• **Data extract**:
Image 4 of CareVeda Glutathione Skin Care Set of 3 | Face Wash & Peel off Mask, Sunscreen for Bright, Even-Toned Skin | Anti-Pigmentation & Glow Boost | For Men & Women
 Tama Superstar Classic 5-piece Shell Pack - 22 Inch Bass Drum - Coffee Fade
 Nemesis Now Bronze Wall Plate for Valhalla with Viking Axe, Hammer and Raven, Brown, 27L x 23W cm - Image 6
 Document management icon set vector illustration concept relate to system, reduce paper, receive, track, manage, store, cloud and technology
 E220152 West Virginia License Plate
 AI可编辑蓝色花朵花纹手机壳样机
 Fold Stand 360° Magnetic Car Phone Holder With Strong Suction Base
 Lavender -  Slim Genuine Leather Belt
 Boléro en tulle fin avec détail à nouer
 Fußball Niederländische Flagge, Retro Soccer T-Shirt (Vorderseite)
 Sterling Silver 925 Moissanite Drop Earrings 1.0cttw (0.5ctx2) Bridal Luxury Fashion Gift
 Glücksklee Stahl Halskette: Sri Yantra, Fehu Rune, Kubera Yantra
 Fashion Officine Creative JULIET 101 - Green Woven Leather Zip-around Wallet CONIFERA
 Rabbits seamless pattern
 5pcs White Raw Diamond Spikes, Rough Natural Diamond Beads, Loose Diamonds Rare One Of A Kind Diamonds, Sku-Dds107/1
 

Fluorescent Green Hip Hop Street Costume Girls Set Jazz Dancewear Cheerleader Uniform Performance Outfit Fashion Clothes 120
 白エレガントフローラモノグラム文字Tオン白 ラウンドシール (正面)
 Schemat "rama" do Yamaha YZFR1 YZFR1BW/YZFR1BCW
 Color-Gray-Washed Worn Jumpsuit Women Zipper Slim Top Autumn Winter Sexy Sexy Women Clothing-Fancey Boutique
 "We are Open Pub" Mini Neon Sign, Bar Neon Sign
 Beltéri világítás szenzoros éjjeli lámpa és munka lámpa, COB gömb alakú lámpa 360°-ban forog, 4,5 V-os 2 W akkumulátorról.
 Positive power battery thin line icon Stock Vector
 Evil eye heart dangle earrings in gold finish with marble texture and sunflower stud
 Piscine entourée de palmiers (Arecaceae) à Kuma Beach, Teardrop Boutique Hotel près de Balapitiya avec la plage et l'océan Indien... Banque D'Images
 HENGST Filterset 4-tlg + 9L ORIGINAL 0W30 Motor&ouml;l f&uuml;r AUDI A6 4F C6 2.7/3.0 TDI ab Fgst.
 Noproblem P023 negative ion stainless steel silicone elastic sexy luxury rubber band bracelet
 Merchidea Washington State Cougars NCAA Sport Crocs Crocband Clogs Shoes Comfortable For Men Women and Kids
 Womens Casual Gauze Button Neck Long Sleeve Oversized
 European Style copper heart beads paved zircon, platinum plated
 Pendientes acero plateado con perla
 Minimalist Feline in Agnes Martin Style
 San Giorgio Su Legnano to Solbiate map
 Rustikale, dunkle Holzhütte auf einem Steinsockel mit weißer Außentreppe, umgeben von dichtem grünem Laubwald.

• **Task details**: Return the final stretch of the listing exactly, starting with the line that contains "Minimalist Feline in Agnes Martin Style" and ending with the last line.

• **Output for this exercise**:
 Minimalist Feline in Agnes Martin Style
 San Giorgio Su Legnano to Solbiate map
 Rustikale, dunkle Holzhütte auf einem Steinsockel mit weißer Außentreppe, umgeben von dichtem grünem Laubwald.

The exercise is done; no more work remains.